As globalizing scientific discourses incorporated agrarian landscapes more systematically into the project of national power in the late nineteenth century, industrialization gradually altered the symbioses of the agrarian wetlands. In the process, formerly important presences – both mythical and biological – were marginalized, vilified or systematically eradicated. With the “modern” restructuring of knowledge, Kappa were removed from biological discourses and banished to the realm of popular fiction. Conversely, the Japanese Otter, a now-extinct species that lived at the rims of the cultivated land, was extrapolated from its popular association with Kappa. Once profaned, otters were commodified for their liver’s healing powers, derived from kappa myths. The rapidity of the otter’s population collapse in the first years of the twentieth century due to overhunting and habitat destruction, on the other hand, inspired attempts at preservation early on. Efforts to rescue the otter from industrial destruction continued throughout the postwar period. Five decades since the last sighting of a live otter in Japan, the animal today remains a mascot for local environmental protection, and a representative of the toll of modernization.

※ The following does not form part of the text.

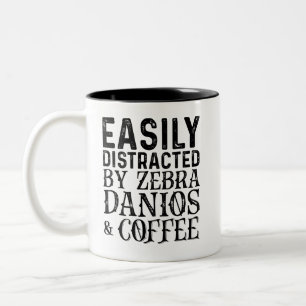 Gemakkelijk afgeleid door Zebra danios en koffie Tweekleurige Koffiemok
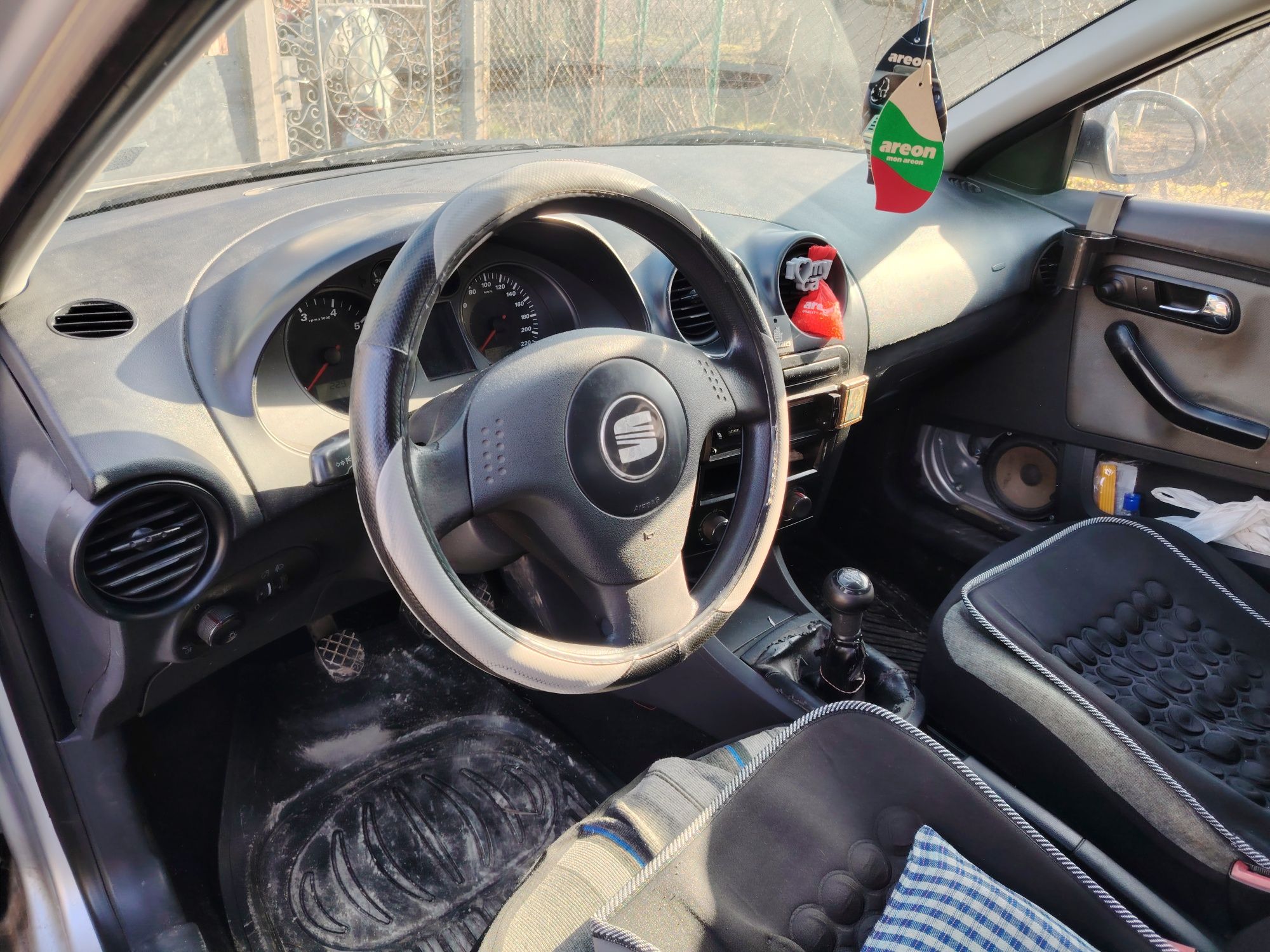 Продава Seat Ibiza 1.2 12V 2004г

The “evolution” of kappa and otters as seen in scholarly and popular discourses since the seventeenth century is a mirror of changing human-environmental relations in the longue durée. It reflects how species and subspecies were constructed based on historically changing empiricisms, and it illustrates how the afterlives of a species exposed as fictive continued to guide the fetishization of associated animals to the point of extinction. Connecting early modern scholarship to the emergence of a conservationist conscious in the twentieth century, this project explores the modern history of Japanese environmental science as embedded in popular knowledge and changing symbioses in the agrarian realm.